* [ACTION ITEM] What appears in the data must be reproduced exactly.

[Short descriptive text snippets]
==============================

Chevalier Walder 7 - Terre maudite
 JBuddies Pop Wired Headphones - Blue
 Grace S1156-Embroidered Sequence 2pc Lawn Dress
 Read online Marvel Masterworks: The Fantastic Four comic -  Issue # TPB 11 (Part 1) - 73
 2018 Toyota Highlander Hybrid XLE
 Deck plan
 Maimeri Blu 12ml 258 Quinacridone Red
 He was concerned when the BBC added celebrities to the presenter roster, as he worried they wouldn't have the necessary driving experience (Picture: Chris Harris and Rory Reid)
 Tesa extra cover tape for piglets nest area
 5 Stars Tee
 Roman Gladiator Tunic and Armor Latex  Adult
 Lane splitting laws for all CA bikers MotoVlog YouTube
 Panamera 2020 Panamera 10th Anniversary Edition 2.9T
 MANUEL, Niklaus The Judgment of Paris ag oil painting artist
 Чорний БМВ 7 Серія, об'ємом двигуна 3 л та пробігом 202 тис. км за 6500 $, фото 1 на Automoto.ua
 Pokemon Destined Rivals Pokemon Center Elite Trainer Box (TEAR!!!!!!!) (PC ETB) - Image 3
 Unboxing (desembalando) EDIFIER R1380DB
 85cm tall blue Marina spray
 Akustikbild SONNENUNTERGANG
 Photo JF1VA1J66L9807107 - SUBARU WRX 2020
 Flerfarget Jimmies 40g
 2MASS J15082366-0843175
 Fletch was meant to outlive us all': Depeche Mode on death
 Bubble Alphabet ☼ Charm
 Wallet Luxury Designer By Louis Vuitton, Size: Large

==============================

* [YOUR SOLUTION]
Chevalier Walder 7 - Terre maudite
 JBuddies Pop Wired Headphones - Blue
 Grace S1156-Embroidered Sequence 2pc Lawn Dress
 Read online Marvel Masterworks: The Fantastic Four comic -  Issue # TPB 11 (Part 1) - 73
 2018 Toyota Highlander Hybrid XLE
 Deck plan
 Maimeri Blu 12ml 258 Quinacridone Red
 He was concerned when the BBC added celebrities to the presenter roster, as he worried they wouldn't have the necessary driving experience (Picture: Chris Harris and Rory Reid)
 Tesa extra cover tape for piglets nest area
 5 Stars Tee
 Roman Gladiator Tunic and Armor Latex  Adult
 Lane splitting laws for all CA bikers MotoVlog YouTube
 Panamera 2020 Panamera 10th Anniversary Edition 2.9T
 MANUEL, Niklaus The Judgment of Paris ag oil painting artist
 Чорний БМВ 7 Серія, об'ємом двигуна 3 л та пробігом 202 тис. км за 6500 $, фото 1 на Automoto.ua
 Pokemon Destined Rivals Pokemon Center Elite Trainer Box (TEAR!!!!!!!) (PC ETB) - Image 3
 Unboxing (desembalando) EDIFIER R1380DB
 85cm tall blue Marina spray
 Akustikbild SONNENUNTERGANG
 Photo JF1VA1J66L9807107 - SUBARU WRX 2020
 Flerfarget Jimmies 40g
 2MASS J15082366-0843175
 Fletch was meant to outlive us all': Depeche Mode on death
 Bubble Alphabet ☼ Charm
 Wallet Luxury Designer By Louis Vuitton, Size: Large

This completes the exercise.